Parce que ressentie et incommunicable, à soi, aux autres, parce que elle vous met à l’écart des autres, elle vous isole, vous change en toute conscience et vous échappe, comme s’il s’agissait du retour  d’une expérience dont on ne peut revenir, expérience qui nous extrait des autres.

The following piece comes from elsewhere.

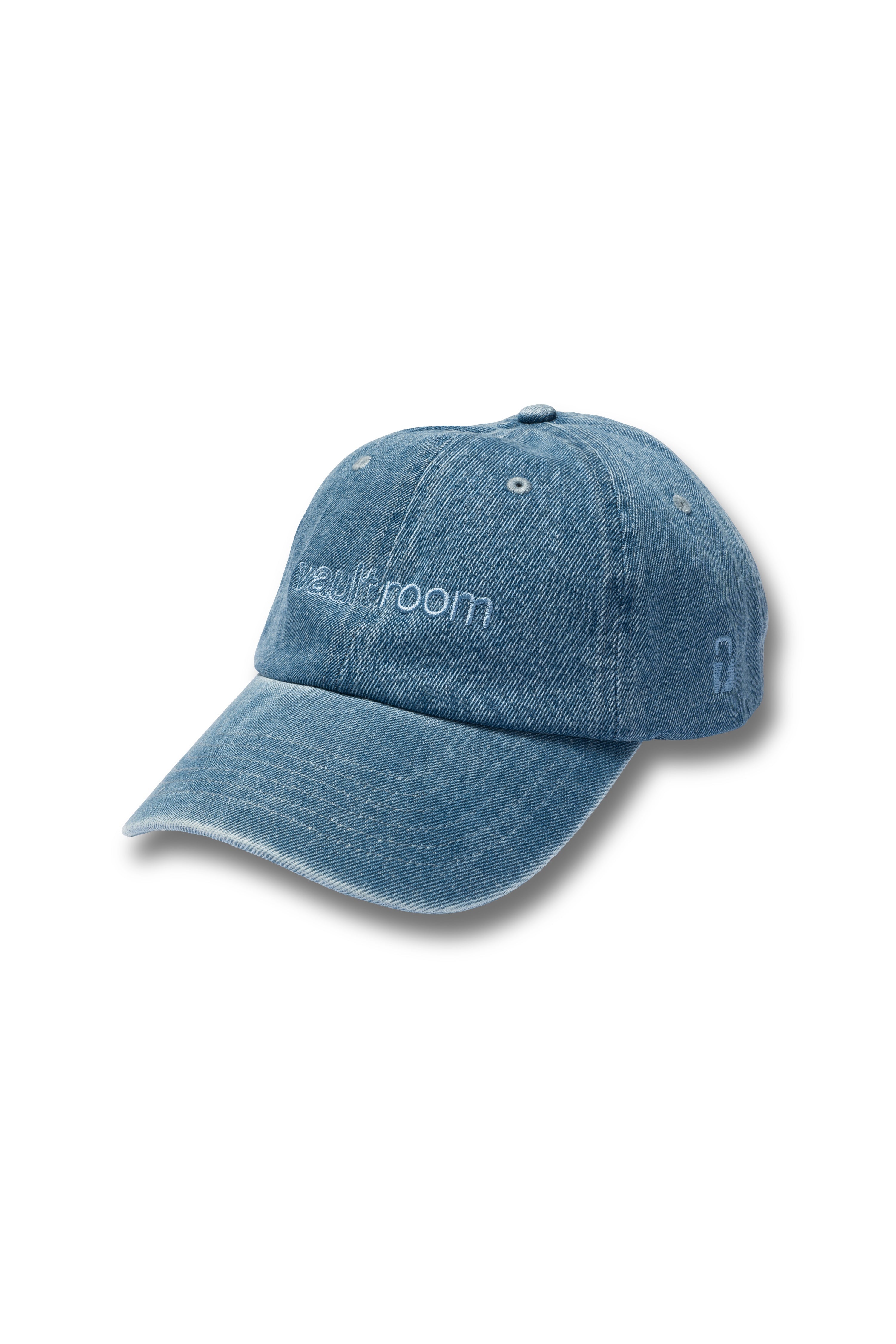 VAULTROOM LOGO CAP / WASH BLUE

Les témoignages allant dans ce sens sont nombreux, des années après….

 

Depuis le « shell shock » sur lequel Sigmund Freud avait élaboré, nombreux sont ceux qui dans le service des armées, puis dans les ONG ont investi le champ psychologique.

 

Il semblerait qu’évoquer l’évènement, par nature ineffable, ne fasse que cristalliser les choses. Outre l’armement médicamenteux, ce n’est pas notre champ, c’est un dialogue avec un professionnel, et avec le temps nécessaire que la personne peut élaborer quelque chose qui lui permette de se réinsérer dans le social et sa condition. 

 

Il est considéré comme acquis que les conflits, les guerres, les catastrophes laissent des traces dans notre psyché.

Ce qui est nouveau c’est que ces mécanismes peuvent être compris, et ils sont pris en charge dans différentes pratiques.

Ce qui est sûr c’est qu’il existe des moyens ou des approches qui permettent d’écouter la parole des acteurs engagés, de mobiliser leurs ressources psychiques.

 

Nous sommes souvent surpris qu’à chaque évènement corresponde une cellule d’urgence psychologique qui ne sont pas forcément organisées avec des professionnels de la psychologie (la loi de 1985 en son anniversaire nous rappelle que le titre de psychologue fut créé pour préserver les usagers des mésusages de la psychologie) avec une méthodologie bien déterminée, et aucun accompagnement pour la suite. On voit en quoi ce type d’action peut poser des problèmes éthiques ? Et plus largement la question de l’intervention psychologique.

 

Nous ne pouvons exposer tout ce qui semble émerger à la suite d’un évènement, qui va du dérèglement social à d’autres dérèglements si obscurs qu'ils ne nous laissent que des hypothèses. 

 

Pour ne pas se perdre dans des concepts on peut essayer de se poser plusieurs questions que la pratique nous a suggérée, que la démarche dans notre association nous impose :

  • Pourquoi pour telle personne cet évènement prend autant de place, pourquoi ce n’est pas la même chose pour telle autre, pourquoi l’événement terminé est si présent ou pas ?
  • Que pouvons nous observer ou pas, à un moment, un peu plus tard, quelle est la qualité de vie subjective de la personne et celle de son entourage ?
  • Quel projet d’intervention avons-nous, en fonction des attentes, de ce que l’on peut faire et de ce que l’on sait faire, comment l’organisons nous ?

 

Quels enjeux ?

Tout d’abord pour l’intervention psychologique et son organisation, pour les questions éthique et méthodologique qui se posent. Qui fait quoi, avec qui, pour qui, comment… et quel sera la manière de rendre compte de ce qui a été fait.

D’autre part, un évènement n’est pas sans impact sur une famille, un village, un pays …. Il se constitue comme nécessitant une prise en compte large.

Encore, quelles actions sont susceptibles de prévenir les débordements pendant la crise ?

 

Nous avons une réalité (on met du psy partout), qu’elle soit prise en compte est un pas important, pour qu’elle le soit dans toute sa dimension le chemin reste à faire.

Les psychologues ont beaucoup de choses à dire, ont fait beaucoup, mais connaissent des difficultés  pour affirmer leur compétence. 

S’organiser, dans l’intervention, dans l’accompagnement des demandes, dans le suivi… dans une tâche où nous n’étions jamais en force de proposition, encore un enjeu de plus, pour l’équilibre psychique individuel et social.